Nederlandsche natuurkundigen.
Ontleend aan een hoofdartikel in ‘Het Nieuws van den Dag’ van 14 Oct.:
Misschien is 't wel Nobel's stichting geweest, welke de oogen van de wereld - en van de Nederlanders zelf óók - geopend heeft voor de zeer bijzondere, wellicht mag men zeggen: overwegende plaats, die de Nederlandsche onderzoekers in de tegenwoordige natuurwetenschap innemen. En de Nobel-prijzen worden nog maar toegekend voor natuur- en scheikunde, niet voor de natuurwetenschappen in ruimeren zin, zoodat de wereldvermaardheid van mannen als J.C. Kapteyn en Hugo de Vries er buiten blijft; toch, zou één land, in verhouding van zijn bevolking, zoovele door Nobel's stichting gelauwerden kunnen aanwijzen als het onze, dat Van der Waals en Van 't Hoff, Lorentz, Zeeman en Kamerlingh Onnes heeft voortgebracht, om nu enkel maar de tot dusver bekroonden, de ouderen dus, te noemen.
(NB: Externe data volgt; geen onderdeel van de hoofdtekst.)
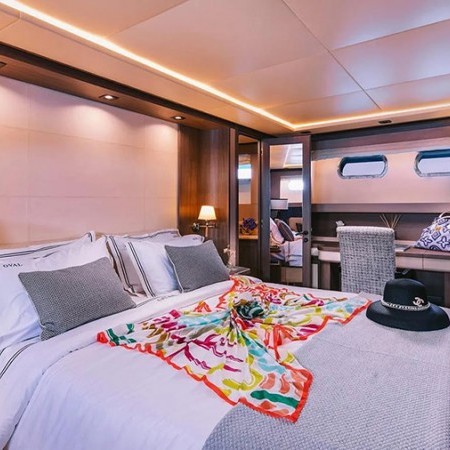 cabin for 2 charter guests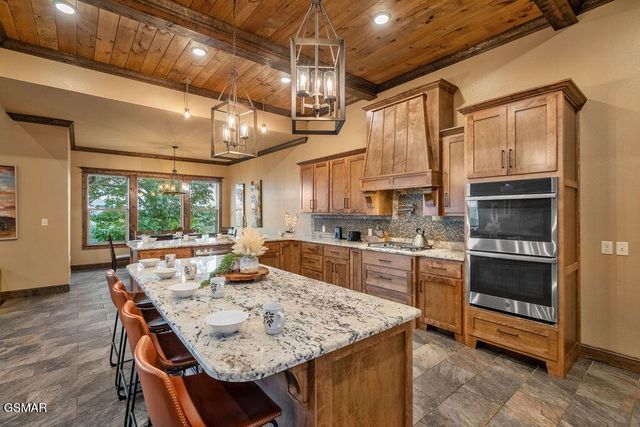 3222 Laurel Cove Trail, Sevierville, TN 37862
‘De Nederlanders zelf óók’, schreven wij. Want ze is wel vleiend voor onzen nationalen trots, zulk een internationale erkenning van het voortreffelijke werk, door Nederlanders verricht, op het terrein der moderne natuurwetenschap maar ook hier geldt dat profeten in hun vaderland niet zoo licht worden geeerd, en het is toch wel 'n bewijs van achterlijkheid en 'n beetje beschamend, dat, zoo er al sprake is van officieele erkenning van geleerden, een dergelijke erkenning in Nederland gemeenlijk pleegt te wachten op een wenk van over de grenzen. Daarom is het een goed, een uitnemend werk geweest van het jubileerende ‘Bataafsche Genootschap der proefondervindelijke wijsbegeerte te Rotterdam’, aan prof. Kuenen opdracht te geven, een overzicht te boek te stellen van: ‘Het aandeel van Nederland in de ontwikkeling der natuurkunde gedurende de laatste 150 jaren’ en dit Gedenkboek rond te deelen aan zijn leden en enkele anderen.
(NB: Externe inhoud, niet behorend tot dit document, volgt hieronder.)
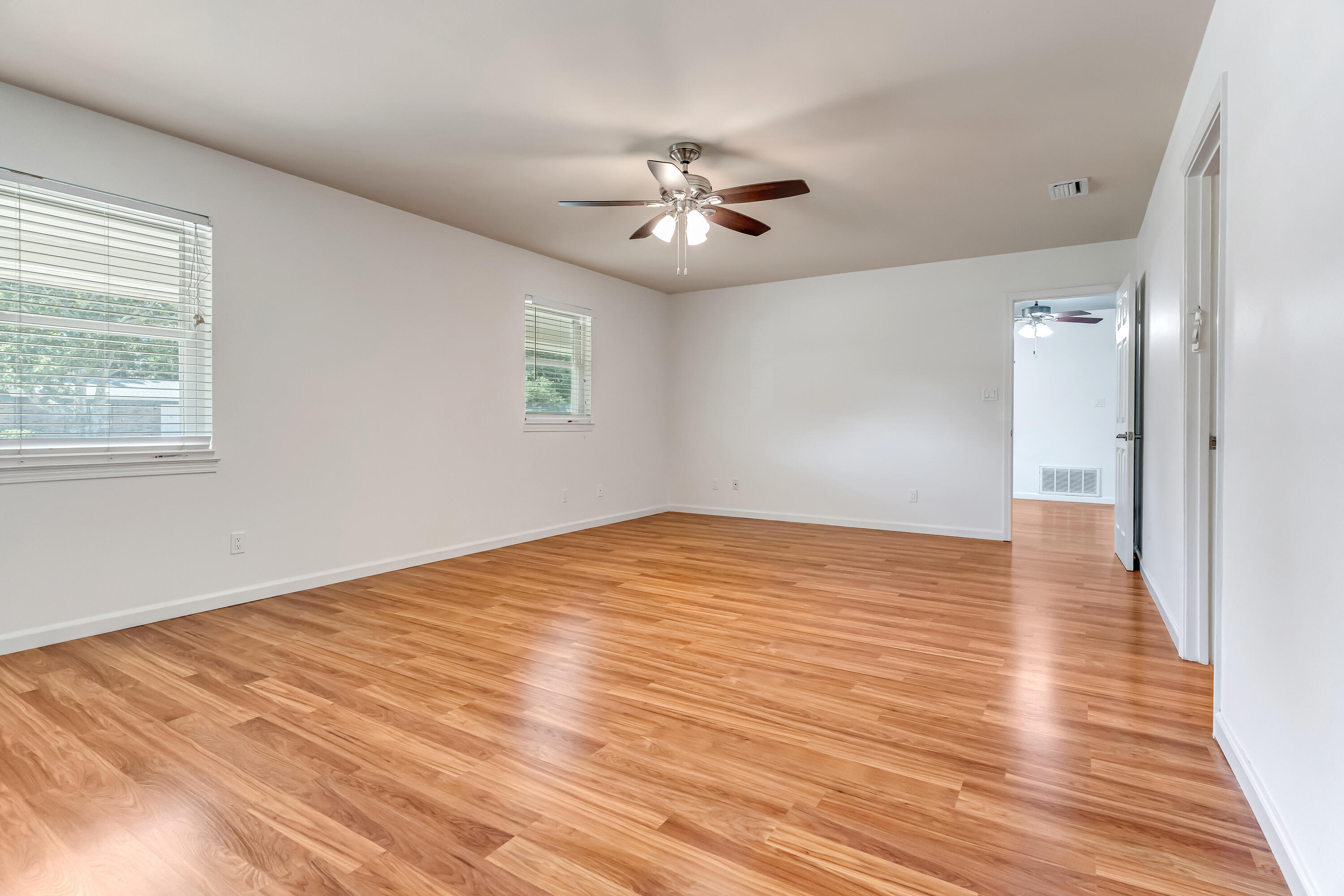 MIRAMAR ESTATES 2ND ADDN - Residential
Wij nemen aan dat het Bestuur des Genootschaps (adres: Beurssteeg 4, Rotterdam), zich gaarne zou beijveren, prof Kuenen's werk op aanvraag beschikbaar te stellen ook voor niet-leden en voor openbare instellingen. Eerst dan zal dit mooie Gedenkboek ten volle beantwoorden aan zijn bestemming: voorlichting en erkenning op het gebied der ‘proefondervindelijke wijsbegeerte’.